Given some random results from a probability distribution, we want to determine the distribution
example: age distribution of the titanic data
titanic["Age"].plot.hist(density=True, bins=20)
visualization of the kernel density estimation (KDE):
titanic["Age"].plot.kde(xlim=(0, 80))
kernel density estimation = approximation of density by combining (summing) many base functions (e.g. normal distributions)
see: Python Data Science Handbook: Kernel Density Estimation
package scipy.stats
: allows for fitting various types of distributions:
approximating a distribution - via normal or skew normal:
from scipy import stats
# location=mu, scale=sigma
(location, scale) = stats.norm.fit(titanic["Age"].dropna())
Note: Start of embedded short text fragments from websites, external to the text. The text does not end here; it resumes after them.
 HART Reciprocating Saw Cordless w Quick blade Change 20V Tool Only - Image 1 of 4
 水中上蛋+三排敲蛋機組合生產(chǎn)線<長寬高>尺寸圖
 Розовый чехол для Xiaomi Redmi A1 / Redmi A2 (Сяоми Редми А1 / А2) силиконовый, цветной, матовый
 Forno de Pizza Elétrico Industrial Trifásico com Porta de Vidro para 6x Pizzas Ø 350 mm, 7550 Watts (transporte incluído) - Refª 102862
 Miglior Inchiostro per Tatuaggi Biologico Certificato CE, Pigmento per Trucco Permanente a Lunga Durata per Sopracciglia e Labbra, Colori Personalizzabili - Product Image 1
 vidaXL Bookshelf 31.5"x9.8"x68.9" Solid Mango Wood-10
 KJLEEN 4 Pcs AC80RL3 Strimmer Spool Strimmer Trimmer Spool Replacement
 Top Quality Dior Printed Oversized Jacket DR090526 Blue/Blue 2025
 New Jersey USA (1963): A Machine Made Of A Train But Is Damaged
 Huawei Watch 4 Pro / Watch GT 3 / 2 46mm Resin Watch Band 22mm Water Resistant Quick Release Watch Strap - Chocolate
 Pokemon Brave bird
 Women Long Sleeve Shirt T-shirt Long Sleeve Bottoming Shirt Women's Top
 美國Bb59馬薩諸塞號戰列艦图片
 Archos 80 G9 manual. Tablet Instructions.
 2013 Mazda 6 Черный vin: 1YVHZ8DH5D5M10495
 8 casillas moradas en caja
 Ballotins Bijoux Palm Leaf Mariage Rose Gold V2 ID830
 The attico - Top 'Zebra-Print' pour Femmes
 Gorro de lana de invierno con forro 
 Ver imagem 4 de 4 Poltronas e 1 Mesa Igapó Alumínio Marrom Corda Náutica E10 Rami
dist_norm = stats.norm(location, scale)
(shape, location, scale) = stats.skewnorm.fit(titanic["Age"].dropna())
dist_skewnorm = stats.skewnorm(shape, location, scale)
visualize approximations:
x = np.linspace(0, 80, 100)
plt.plot(x, dist_norm.pdf(x))
plt.plot(x, dist_skewnorm.pdf(x))
titanic["Age"].plot.hist(density=True, bins=20)
Task: fit some other distributions (e.g. lognorm, gamma, ...)
evaluation (Kolmogorov-Smirnov-test):
stats.kstest(titanic["Age"].dropna(), dist_norm.cdf)
# KstestResult(statistic=0.054, pvalue=0.029)
Linear regression: a linear function is fitted to given data points (usually via least squares)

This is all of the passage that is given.